- [TASK REQUIREMENTS]: Give back each entry word for word, but drop the images.

- [Excerpts from a dataset]:

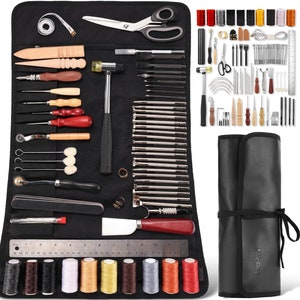 May include: A black leathercraft tool kit with a variety of tools, including a mallet, scissors, needles, and thread spools. The kit includes a measuring tape, a ruler, and a knife. The tools are organized in a black roll-up case.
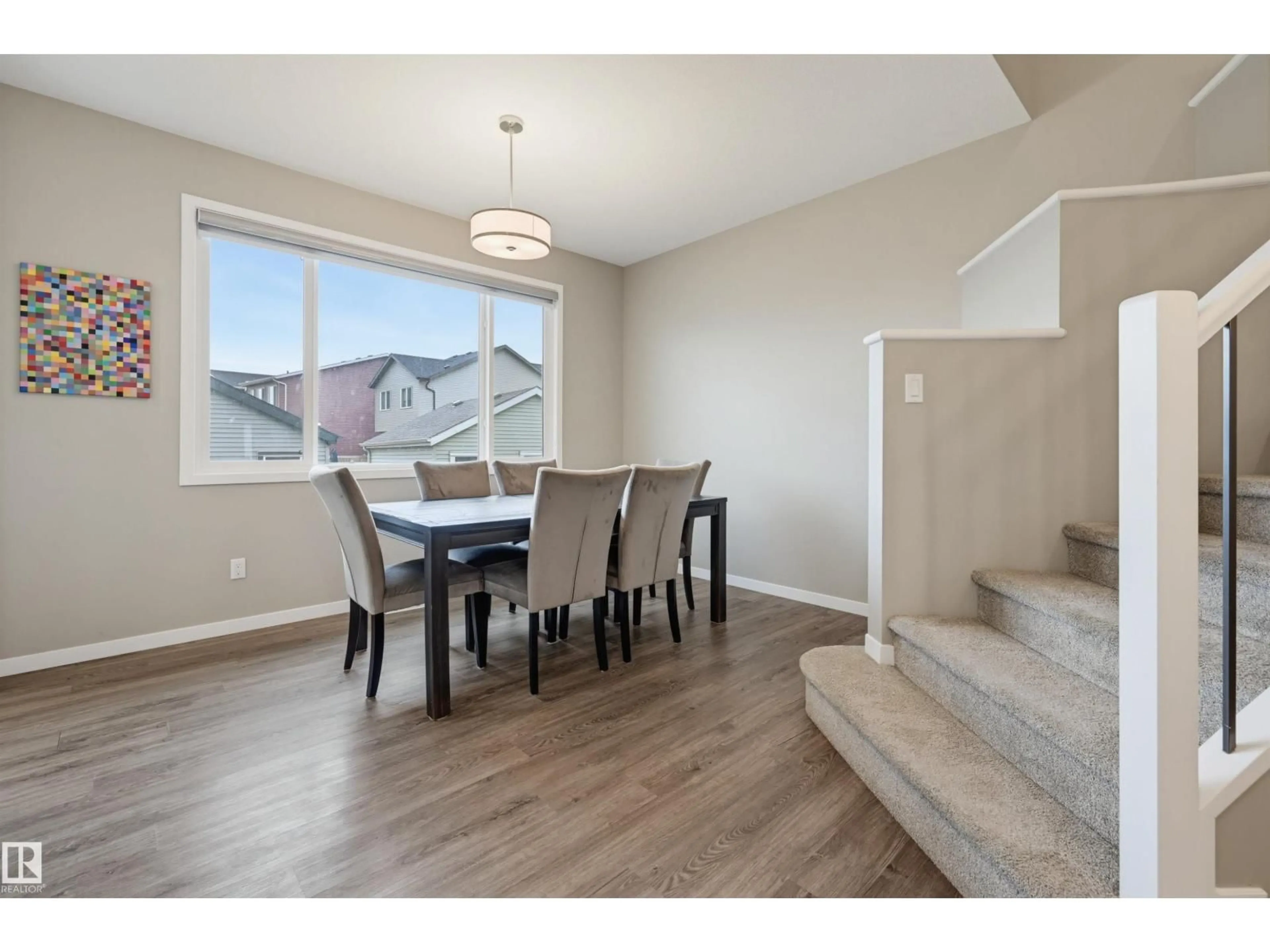 Dining room, wood/laminate floor for 5175 EDGEMONT BV, Edmonton Alberta T6M1J7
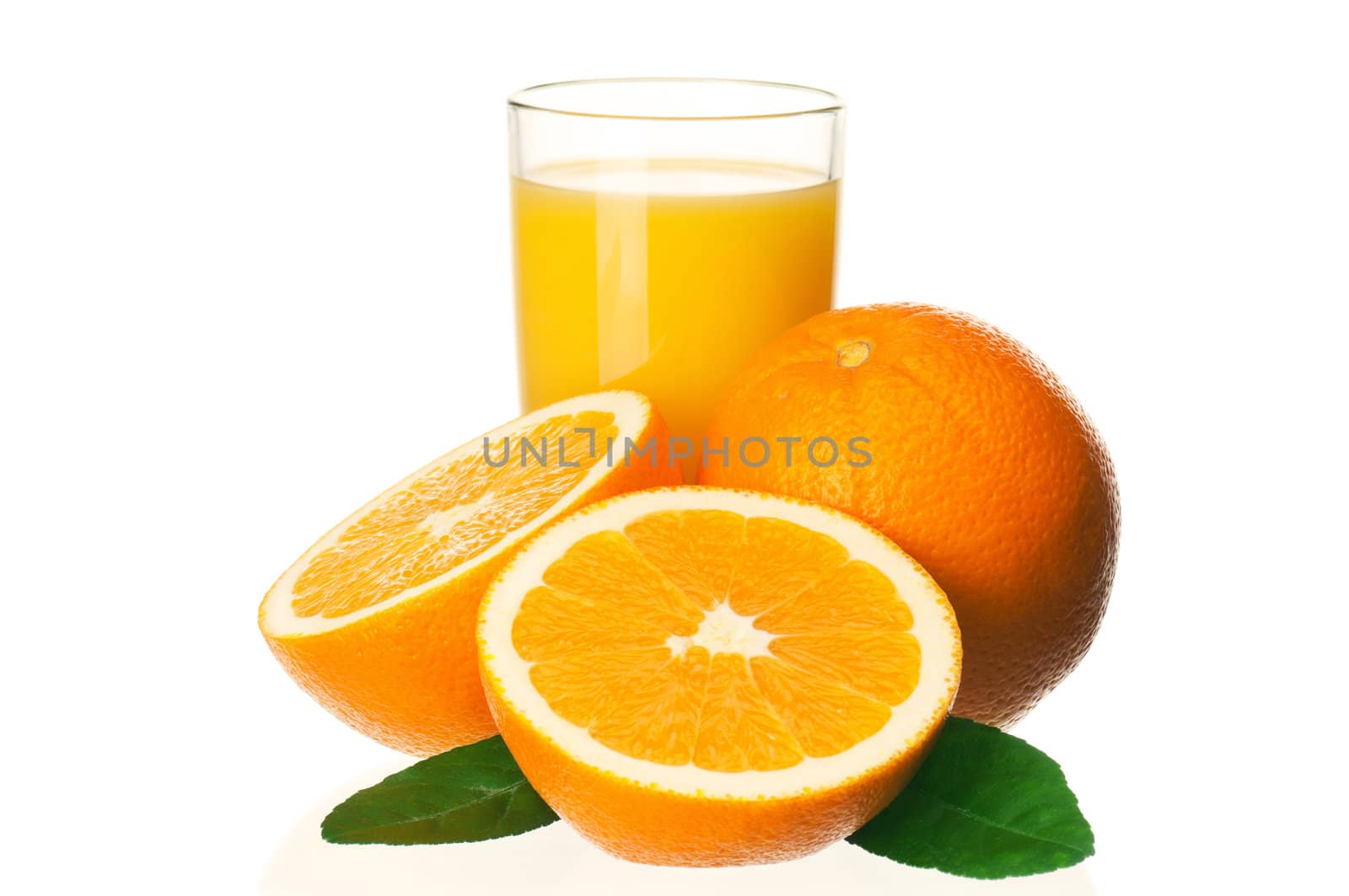 Glass of fresh orange juice and orange fruits with green leaves on white background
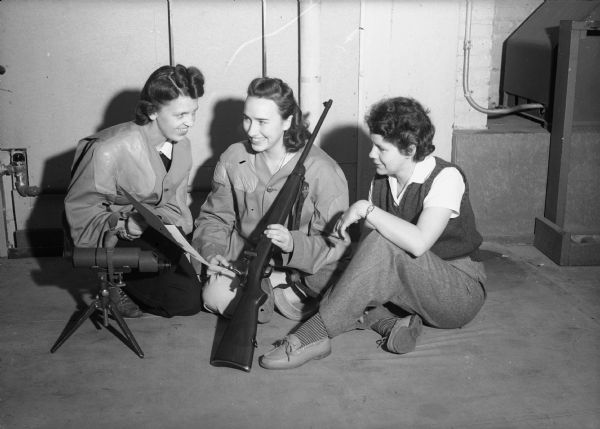 Three women receiving weapons training during World War II. Women are receiving training on the handling of a rifle.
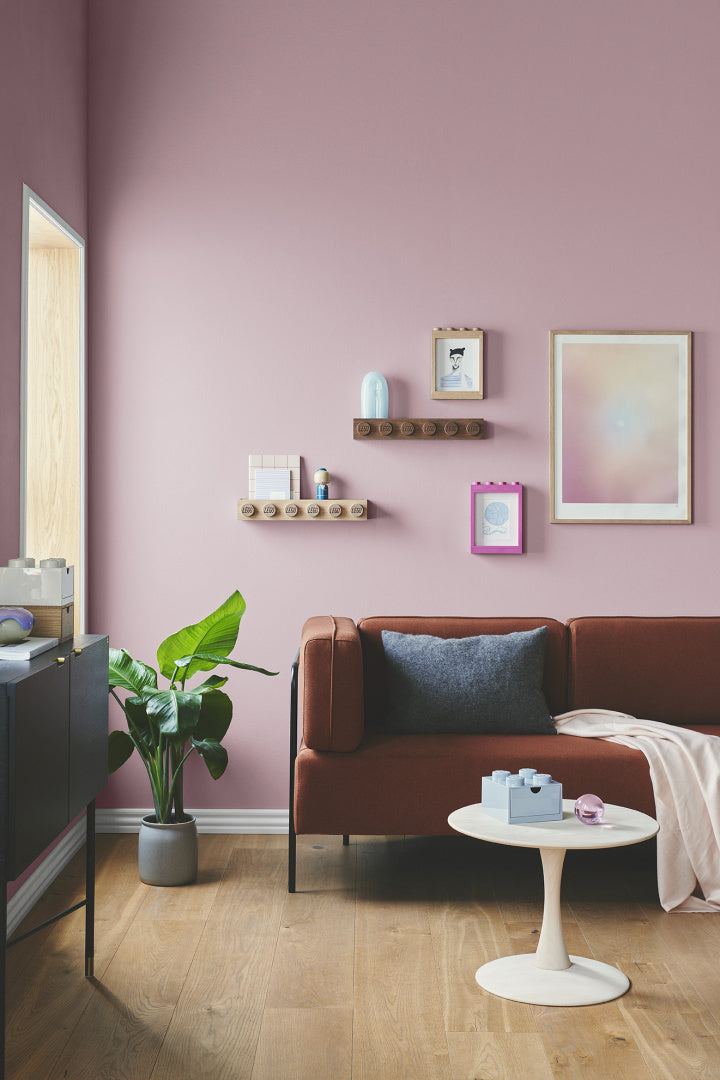 drewniana półka LEGO zamontowana na różowej ścianie nad brązową sofą w nowoczesnym salonie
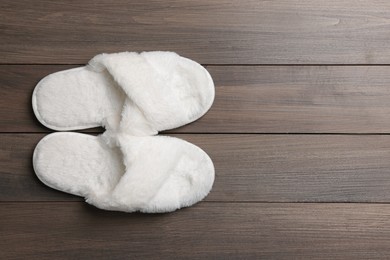Photo of Pair of soft slippers on wooden floor, top view. Space for text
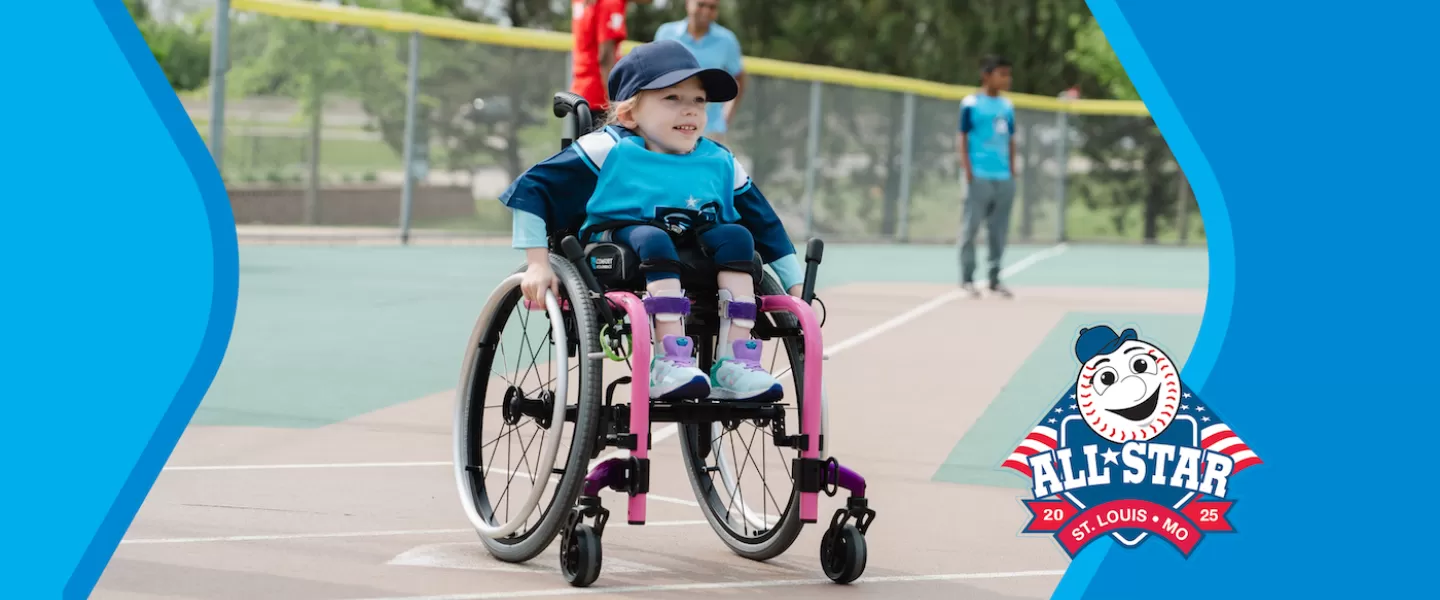 young girl in wheelchair playing adaptive baseball at the ymca with all star game logo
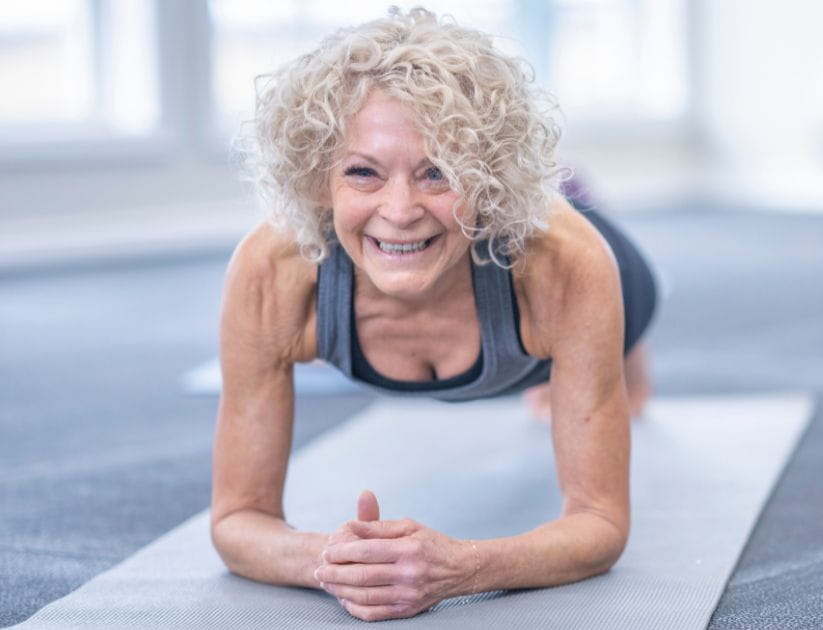 Image of a woman planking  on a yoga mat whilst smiling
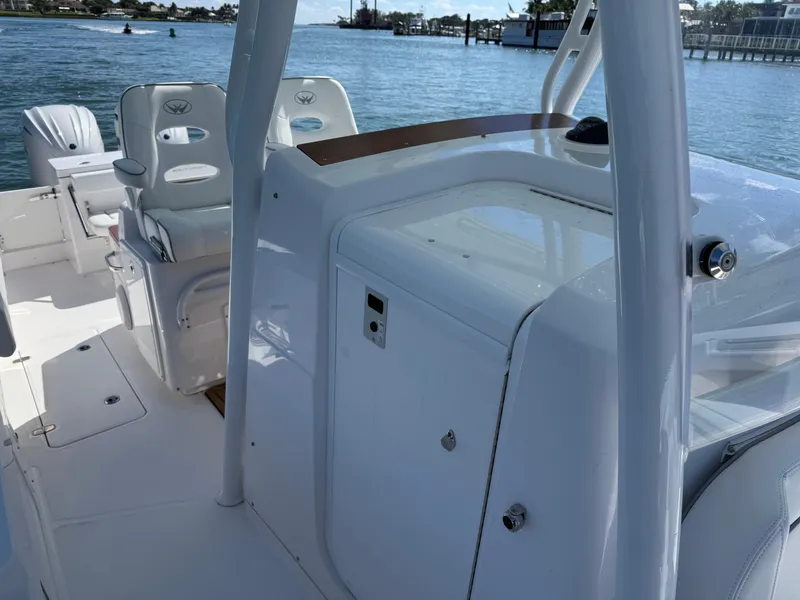 Slide: The Image of 2024 Southport 30 FE boat interior with seating and console, docked by the water. - 12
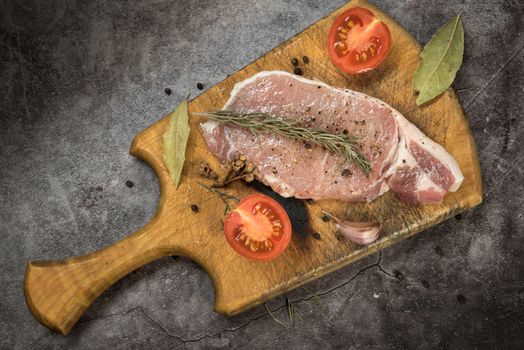Top view of a marinated raw pork steak with herbs and tomatoes on a wooden chopping board.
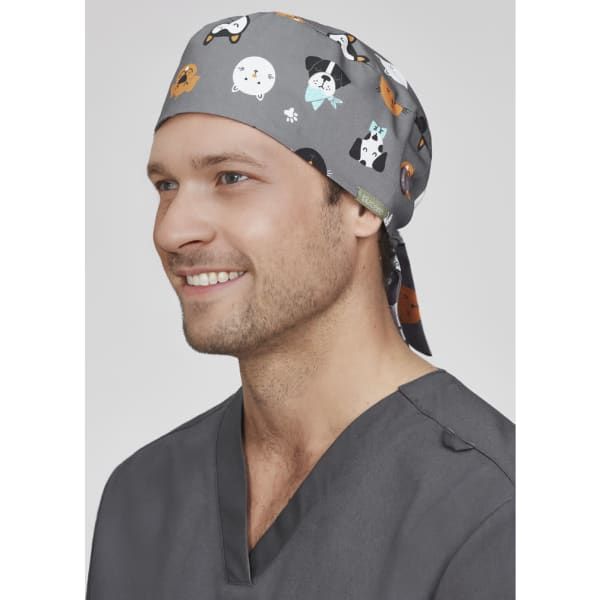 A unisex printed scrub cap in grey featuring various animal patterns, designed for uniform use.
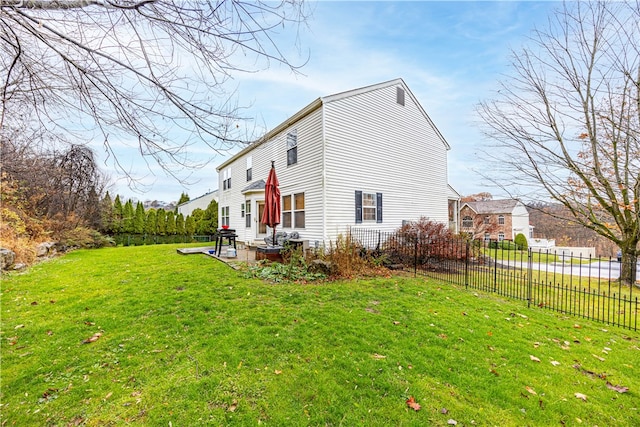 view of home's exterior with a yard and a patio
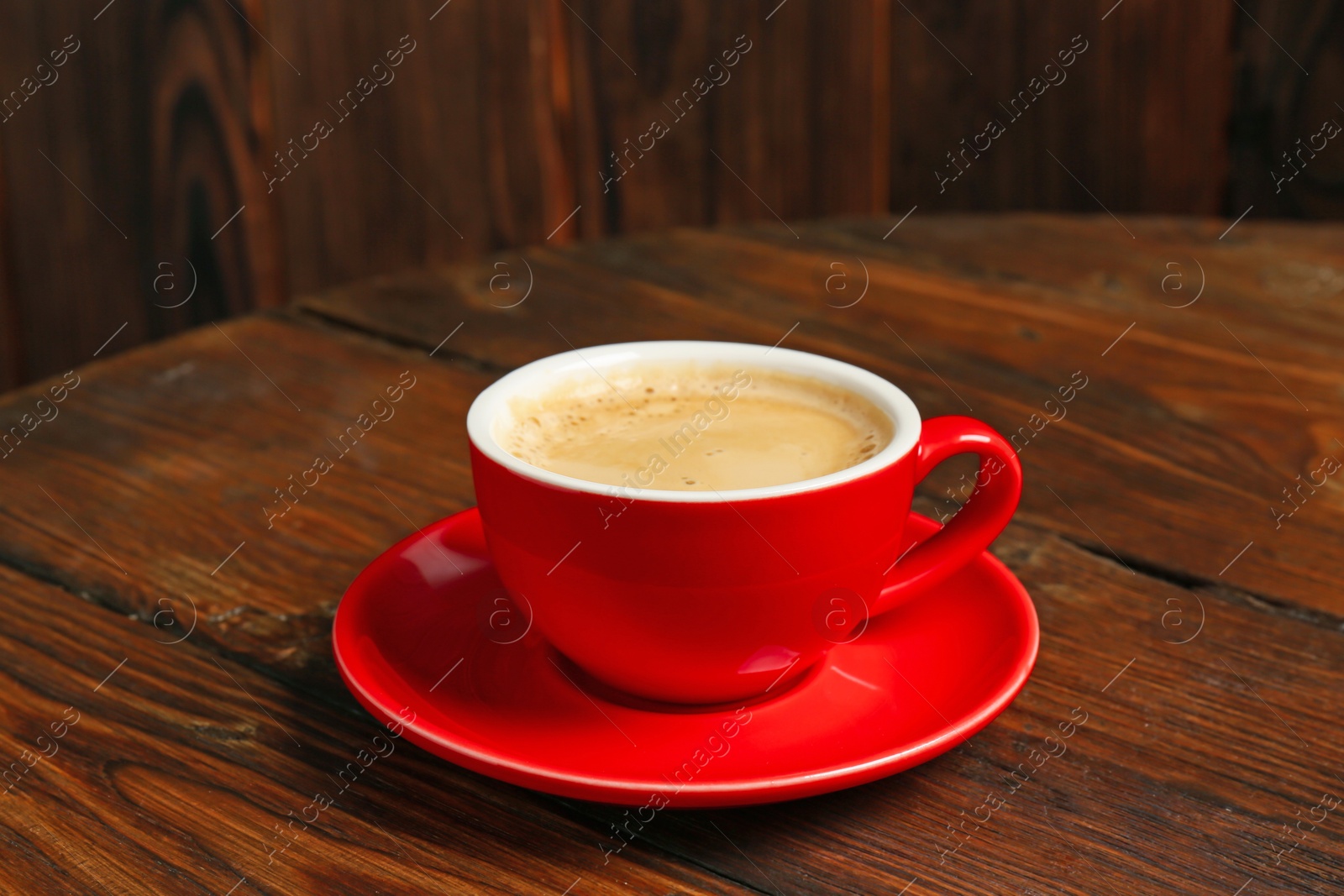 Red cup with coffee on wooden table Photo of Red cup with coffee on wooden table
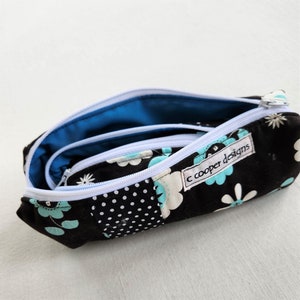May include: A black zippered pencil case with a white zipper and a blue and white floral pattern. The case has a label that reads "c cooper designs".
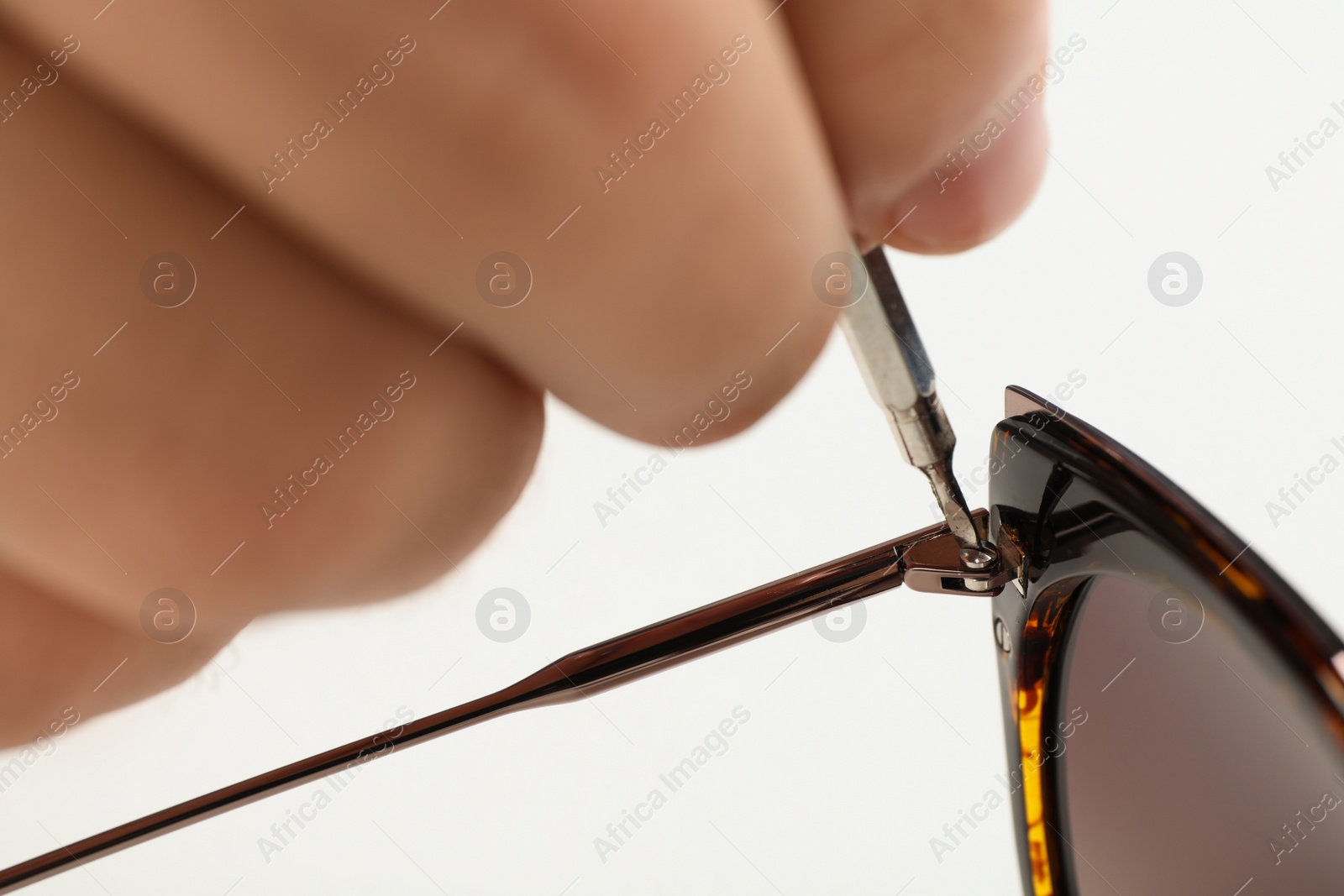 Photo of Handyman repairing sunglasses with screwdriver on white background, closeup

- [SOLUTION BELOW]:
 May include: A black leathercraft tool kit with a variety of tools, including a mallet, scissors, needles, and thread spools. The kit includes a measuring tape, a ruler, and a knife. The tools are organized in a black roll-up case.
 Dining room, wood/laminate floor for 5175 EDGEMONT BV, Edmonton Alberta T6M1J7
 Glass of fresh orange juice and orange fruits with green leaves on white background
 Three women receiving weapons training during World War II. Women are receiving training on the handling of a rifle.
 drewniana półka LEGO zamontowana na różowej ścianie nad brązową sofą w nowoczesnym salonie
Photo of Pair of soft slippers on wooden floor, top view. Space for text
 young girl in wheelchair playing adaptive baseball at the ymca with all star game logo
 Image of a woman planking  on a yoga mat whilst smiling
 Slide: The Image of 2024 Southport 30 FE boat interior with seating and console, docked by the water. - 12
Top view of a marinated raw pork steak with herbs and tomatoes on a wooden chopping board.
 A unisex printed scrub cap in grey featuring various animal patterns, designed for uniform use.
 view of home's exterior with a yard and a patio
 Red cup with coffee on wooden table Photo of Red cup with coffee on wooden table
May include: A black zippered pencil case with a white zipper and a blue and white floral pattern. The case has a label that reads "c cooper designs".
 Photo of Handyman repairing sunglasses with screwdriver on white background, closeup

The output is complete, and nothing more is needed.